Investing in a loyalty program represents an important opportunity for merchants. To ensure smart decision-making, merchants should understand how the new program will affect their business. Here are the five most important factors to consider:
Let’s unsuck these two terms quickly before discussing why they’re important for merchants looking to launch a loyalty program:
Customer acquisition cost helps determine how much budget merchants should set aside to invest in their loyalty program. Essentially, loyalty programs increase revenue from existing customers (versus acquisition which earns money from brand new ones). Due to a closer relationship, retention marketing has proven to be significantly more cost effective, meaning that a relatively smaller investment in loyalty marketing can produce a higher monetary return.
The whole point of a loyalty program is to increase customer lifetime value, either by increasing average check size, frequency of customer visits, or both. Strong loyalty program providers will be able to provide detailed analytics explaining exactly how much retention marketing increases customer lifetime value for the business.
Having a sense of what customer loyalty actually means determines the incentives a business should use to retain customers and increase lifetime value. Consider how many repeat visits or how much total spending would separate loyal customers from discount-chasers, while also keeping in mind what remains an achievable goal. As a rule of thumb, start with the amount of money that the average individual customer would spend after 8-12 visits.
Smart merchants will take the next step to figure out what non-monetary incentives will drive program success. Experiential rewards such as exclusive access to products, brand collateral, or events can all dramatically change customer behavior without discounting brand value.
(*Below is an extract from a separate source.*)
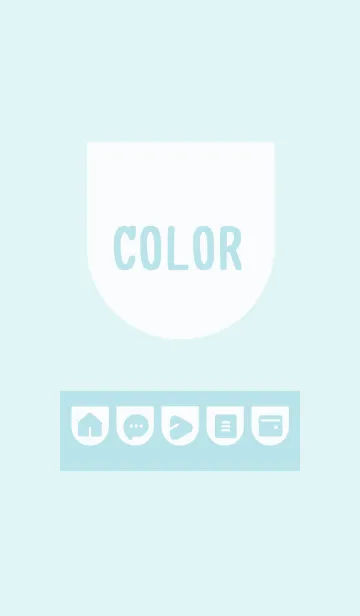 [LINE着せ替え] green color W29の画像1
Retention marketing is valuable because it creates more data insights for merchants. The capacity for personalization, targeting, and other 1-to-1 customer engagement dramatically increases once a program is up and running.
As a result, think through exactly how data would help improve business operations before committing to launch a loyalty program. Knowing how much an individual customer has spent and at what location is one thing. It’s another to know exactly what to do with this information. Loyalty technology is powerful on its own, but execution separates successful programs from ones that don’t quite produce the desired impact.
Though not always the main focus of a loyalty program, customer communication is a key benefit. Collecting customer feedback becomes much more impactful when merchants know which type of customer submitted that feedback, at what location, and at what time of day. Context makes it easier to know how to respond.
In addition, tracking customer feedback through a loyalty program serves as a useful tool to analyze customer satisfaction metrics like Net Promoter Score. Real-time insight into satisfaction helps a merchant keep his or her thumb on the pulse of the business.
Engagement, communication, and data are all nice-to-haves, but the one must-have is more revenue. Work through customer retention business models for your business to understand the type of benefit that a loyalty program can produce.
For example, if a business’s average check size varies very little across locations, then the loyalty program should focus on driving more customer visits. If average check varies across locations, then use the loyalty program to spur higher customer spending.
Retention programs have the ability to increase revenue from existing customers by 30-50%. By preparing before launch according to the above five factors, merchants can ensure they capture this level of success.